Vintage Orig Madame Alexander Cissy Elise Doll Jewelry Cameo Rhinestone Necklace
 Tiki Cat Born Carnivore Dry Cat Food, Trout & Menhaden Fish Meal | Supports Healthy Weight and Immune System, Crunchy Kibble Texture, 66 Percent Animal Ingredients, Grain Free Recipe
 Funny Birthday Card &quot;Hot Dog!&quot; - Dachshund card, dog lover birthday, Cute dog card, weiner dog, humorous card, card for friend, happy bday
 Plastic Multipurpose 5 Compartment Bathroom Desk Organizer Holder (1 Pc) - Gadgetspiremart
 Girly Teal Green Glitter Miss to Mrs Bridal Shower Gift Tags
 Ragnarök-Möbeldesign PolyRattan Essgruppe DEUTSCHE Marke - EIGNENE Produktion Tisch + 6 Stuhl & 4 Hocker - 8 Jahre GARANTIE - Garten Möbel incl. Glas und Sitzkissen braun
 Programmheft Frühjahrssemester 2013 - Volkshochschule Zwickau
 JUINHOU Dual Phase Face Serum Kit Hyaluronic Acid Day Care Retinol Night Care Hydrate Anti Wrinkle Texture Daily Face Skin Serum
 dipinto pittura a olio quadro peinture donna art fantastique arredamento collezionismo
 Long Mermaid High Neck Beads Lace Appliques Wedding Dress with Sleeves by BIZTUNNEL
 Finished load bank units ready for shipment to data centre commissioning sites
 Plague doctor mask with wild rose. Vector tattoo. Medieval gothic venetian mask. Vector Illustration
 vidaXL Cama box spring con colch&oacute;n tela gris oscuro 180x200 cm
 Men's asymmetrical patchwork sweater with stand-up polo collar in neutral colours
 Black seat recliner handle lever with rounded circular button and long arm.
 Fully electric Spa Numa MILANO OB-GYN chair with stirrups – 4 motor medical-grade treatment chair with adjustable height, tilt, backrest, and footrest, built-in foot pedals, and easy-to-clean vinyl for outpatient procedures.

_WHAT YOU SHOULD DO_
Copy out the line containing "Long Mermaid High", then every line after it through the end of the listing, exactly and with nothing else.

_ANSWER TO THIS TASK_
 Long Mermaid High Neck Beads Lace Appliques Wedding Dress with Sleeves by BIZTUNNEL
 Finished load bank units ready for shipment to data centre commissioning sites
 Plague doctor mask with wild rose. Vector tattoo. Medieval gothic venetian mask. Vector Illustration
 vidaXL Cama box spring con colch&oacute;n tela gris oscuro 180x200 cm
 Men's asymmetrical patchwork sweater with stand-up polo collar in neutral colours
 Black seat recliner handle lever with rounded circular button and long arm.
 Fully electric Spa Numa MILANO OB-GYN chair with stirrups – 4 motor medical-grade treatment chair with adjustable height, tilt, backrest, and footrest, built-in foot pedals, and easy-to-clean vinyl for outpatient procedures.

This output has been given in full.